Rant: I Hate Niche Protection

Professor Oats was a little startled when, in a comment on my last post, I quite strongly stated that I don't like niche protection. In fact, I'm opposed to it.
I can understand why you'd have mixed feelings about skills, but opposed to niche protection? Could you elaborate on that, 'cause I honestly can't wrap my head around why you'd oppose niche protection unless you were also opposed to classes
Here's the elaboration: I loathe niche protection. It does terrible things to your game, your adventures, and possibly to your pets as well. It has no reason to exist, even in a game with classes. Perhaps especially in a game with classes.

But maybe we should be clear about what "niche protection" is, since when I first heard of it after 15 or so years of playing RPGs, I didn't have a clue what it could be; and after hearing an explanation, I thought "What the hell...?" It's like aliens came down from the sky and planted chips in some gamer's heads.

The theory of niche protection is that each character should have a distinct role in the group, something only your character can do, or that your character does best. Sometimes, niche protection proponents link niches to classes; other times, to MMORPG-style roles (tank, dps and ... healer? I think. Not really into MMORPGs.)

The general problem with that, from my perspective, is that old-school characters are supposed to be able to try anything. Telling a player, "No, you can't try to force the lock on the door, because that's the thief's job, and you might make him cry" seems contrary to the spirit of telling players to make decisions based on the situation, not on your character sheet.

Furthermore, classes and characters in old-school games often have very little detail. You are not supposed to differentiate your character by picking a unique race/class/ability score combination, but by, you know, playing your character differently. Old school play expects that there might be two fighters. Or three. Or maybe even ten. How do you protect that many niches, in just the area of combat? What if two people want to play Magic-Users? Do you tell one "No, the other guy might cry"? Do you force them to take different spells?

The more I think about niche protection, the more I realize that it causes all the evil in the world. Or, at least, the gaming world. You need more classes, because you need more niches. Or you play with smaller parties, so that you only have one character per niche. In which case, better design adventures differently, so that a party of four won't find it too tough. Can't have hirelings! They stomp on someone's toes! Classes have to be overdesigned, because you have to try to make each one distinct. You need skills, to help make two fighters distinctive. Feats, too. No randomly-rolled characters, because what if two players roll similar stats? Better make the ability bonuses finer grained, too.

Niche protection is the Great Satan. Go forth and stamp it out.


  1. Hear, hear. Sadly my players -- at least the ones with opinions on this -- all fall on the side of niche protectionism and making sure each character is mechanically "unique".

  2. Sounds like the source of our disagreement is what niche protection entails. You only protect those areas not every character should be doing. That's why the thief class is an issue: everyone should be picking locks, disabling traps or climbing walls!

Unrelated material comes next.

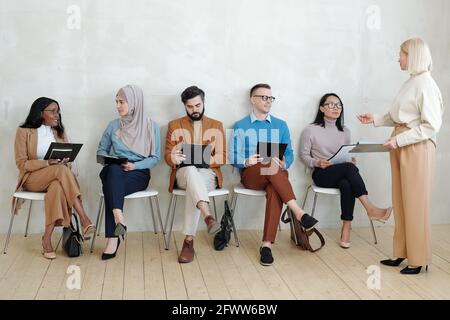 Blond-haired recruitment manager standing in front of interracial job applicants sitting in row and explaining job interview process Stock Photo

But if we decide only one guy can cleave through dozens of foes or wield magic swords, we restrict those abilities to some class. If you don't want everyone casting spells, or the same spells, you restrict them by class. Ability scores can be great for this too, encouraging characters to choose certain weapons or armor based on their strengths and weaknesses, thus further differentiating characters

    You don't need very many niches, of course. As you noted, players in old school games bring plenty of differences to the table, so it's OK if there are some redundancies with the mechanically defined ones. It's just that they provide diminishing returns, so you try to fill different roles first. I suspect the crying issue is more of a new school take on niche protection

    Skills and feats actually undermine niche protection, which is why I lauded 3.0's class, cross-class and exclusive structure. One has to be careful implementing these things. If everyone should be able to at least try to swim, that ability shouldn't be restricted to those who took the skill (in 3E terms, it can be used untrained). I reiterate, only restrict those things you don't want everyone doing!

    If there were no niche protection; if everyone could cast the same spells, fight with equal proficiency, turn undead, etc. That is, if you want the only differences to be due to player skill, then classes would be pointless (unless, I suppose, if they were a means of choosing what you wanted to be rewarded experience points for). Personally, I don't want fighting-men casting spells or magic-users carrying around greatswords

    1. It sounds like your are conflating niche protection with any distinction whatsoever. Fred the fighter can swim; Bob the fighter is poor at it. But, in an adventure, an area where swimming is need or useful is not there to make Fred feel that his choices were validated. Nor does Fred's ability to swim mean that Sue should not be able to cast Walk on Water.

      Niche protection is not preventing each character from being able to do everything, but preventing other characters from doing Fred's Schtick as well or better than Fred. It is saying that no character should be able to fight better than Fred, because Fred is a fighter, and no character should be better able to get past that trap that Sneaky Joe the Thief.

      But, in a non-Niche Protection racket, sometimes Fred can clever his way past the trap that flummoxed Sneaky Joe, and sometimes Sneaky Joe's backstab meant that Fred didn't get to do his whole swordy-stabby thing. And perhaps Flo the Magnificent casts Knock and opens the doors, showing the lock-picking thief and burly fighter.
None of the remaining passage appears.